- **Data records**:
■ ■ ■
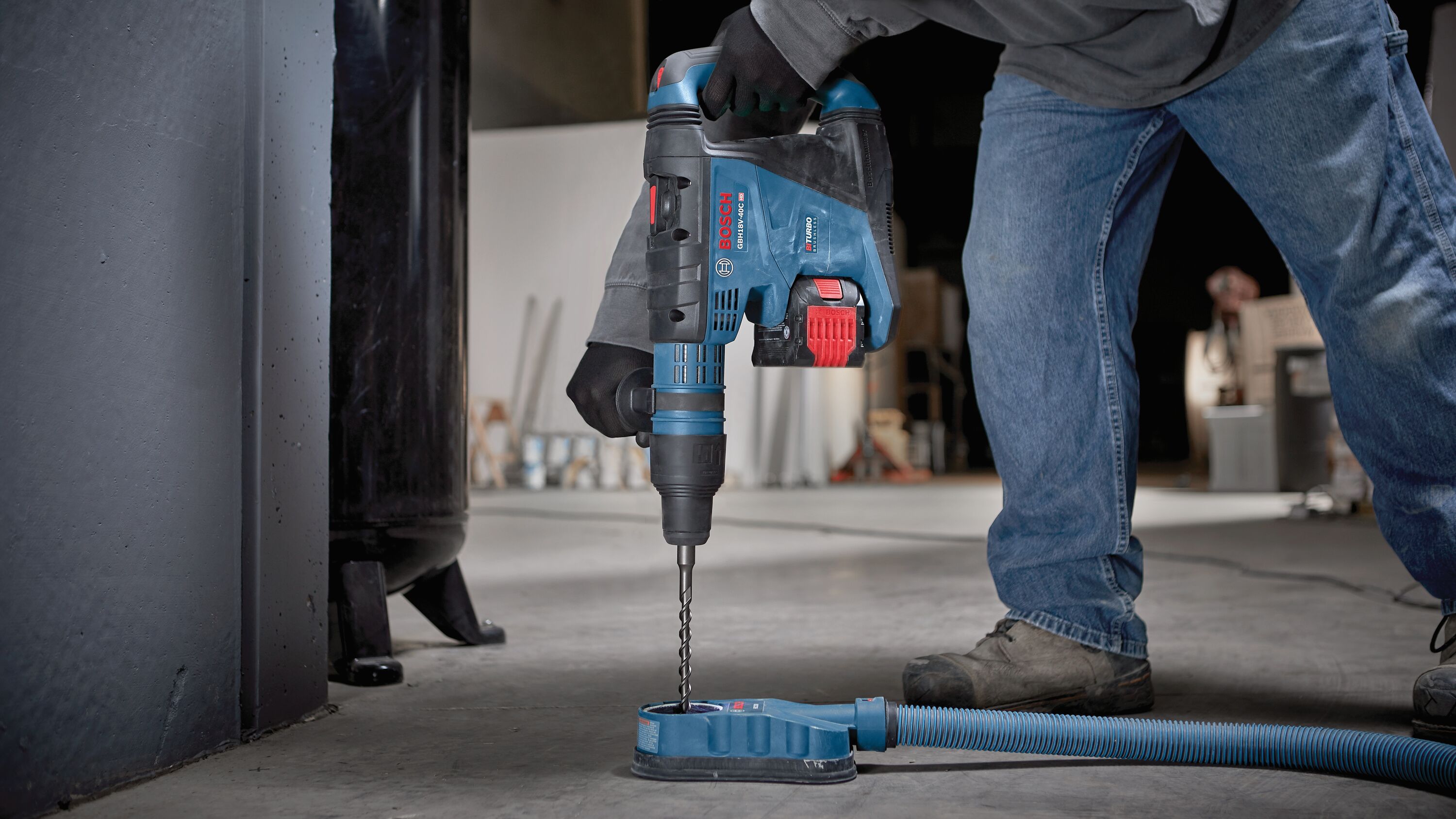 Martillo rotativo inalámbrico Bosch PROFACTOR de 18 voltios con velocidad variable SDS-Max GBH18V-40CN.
■ ■ ■
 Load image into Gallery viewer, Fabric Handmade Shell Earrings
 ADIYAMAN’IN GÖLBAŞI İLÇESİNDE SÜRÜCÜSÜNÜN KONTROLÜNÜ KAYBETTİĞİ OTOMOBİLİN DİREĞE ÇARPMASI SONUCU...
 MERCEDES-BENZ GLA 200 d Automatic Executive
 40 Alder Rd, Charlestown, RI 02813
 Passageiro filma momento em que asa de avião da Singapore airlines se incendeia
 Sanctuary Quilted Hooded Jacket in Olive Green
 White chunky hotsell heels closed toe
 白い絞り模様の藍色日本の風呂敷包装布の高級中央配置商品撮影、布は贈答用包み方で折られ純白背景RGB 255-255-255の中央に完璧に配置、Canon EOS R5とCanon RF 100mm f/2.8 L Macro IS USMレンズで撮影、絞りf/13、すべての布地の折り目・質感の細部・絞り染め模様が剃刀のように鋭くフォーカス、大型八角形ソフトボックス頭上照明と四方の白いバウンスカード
■ ■ ■
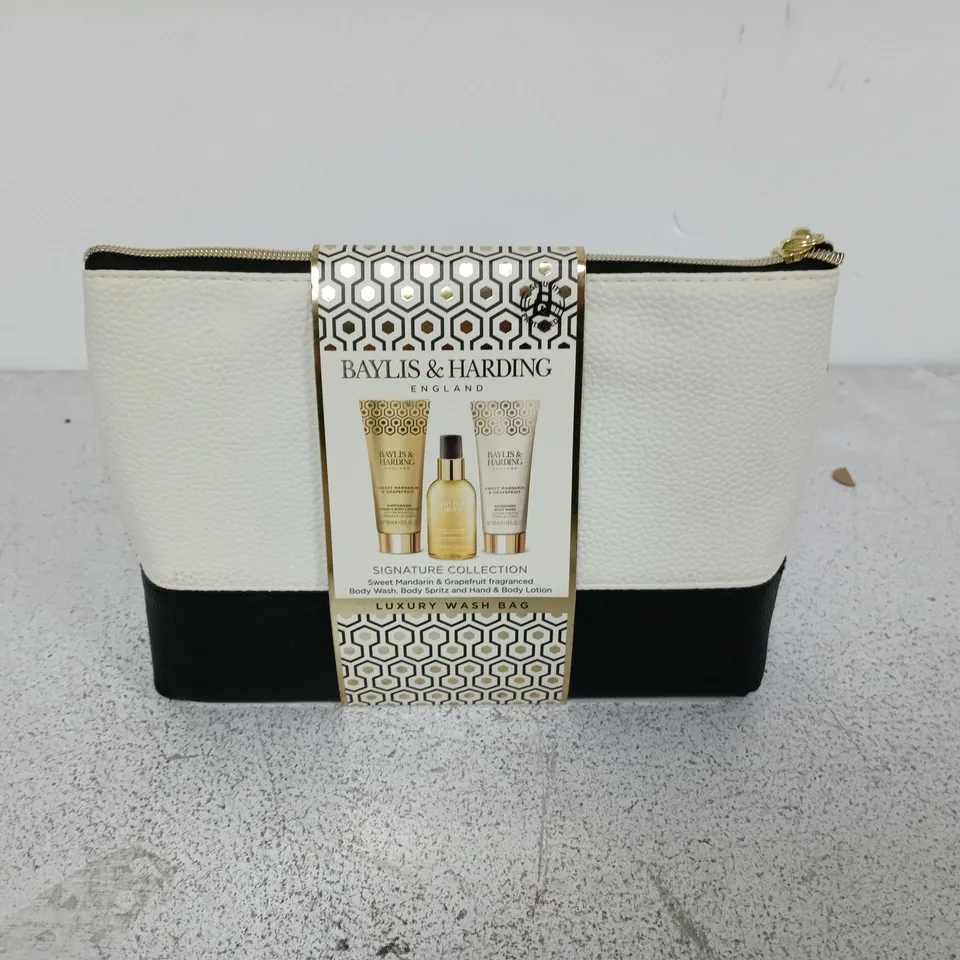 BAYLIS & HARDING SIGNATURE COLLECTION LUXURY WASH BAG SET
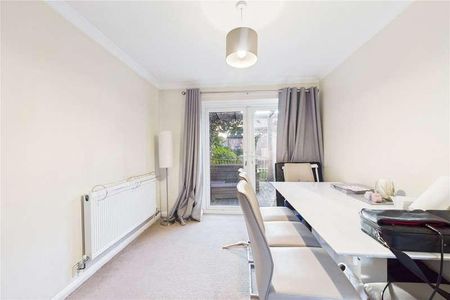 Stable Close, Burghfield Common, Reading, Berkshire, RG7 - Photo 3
■ ■ ■
From the listing above, repeat exactly the lines starting at the line that includes "40 Alder Rd, Charlestown, RI 02813" and ending at the line that includes "255-255-255の中央に完璧に配置、Canon EOS R5とCanon", with nothing outside that span.

 40 Alder Rd, Charlestown, RI 02813
 Passageiro filma momento em que asa de avião da Singapore airlines se incendeia
 Sanctuary Quilted Hooded Jacket in Olive Green
 White chunky hotsell heels closed toe
 白い絞り模様の藍色日本の風呂敷包装布の高級中央配置商品撮影、布は贈答用包み方で折られ純白背景RGB 255-255-255の中央に完璧に配置、Canon EOS R5とCanon RF 100mm f/2.8 L Macro IS USMレンズで撮影、絞りf/13、すべての布地の折り目・質感の細部・絞り染め模様が剃刀のように鋭くフォーカス、大型八角形ソフトボックス頭上照明と四方の白いバウンスカード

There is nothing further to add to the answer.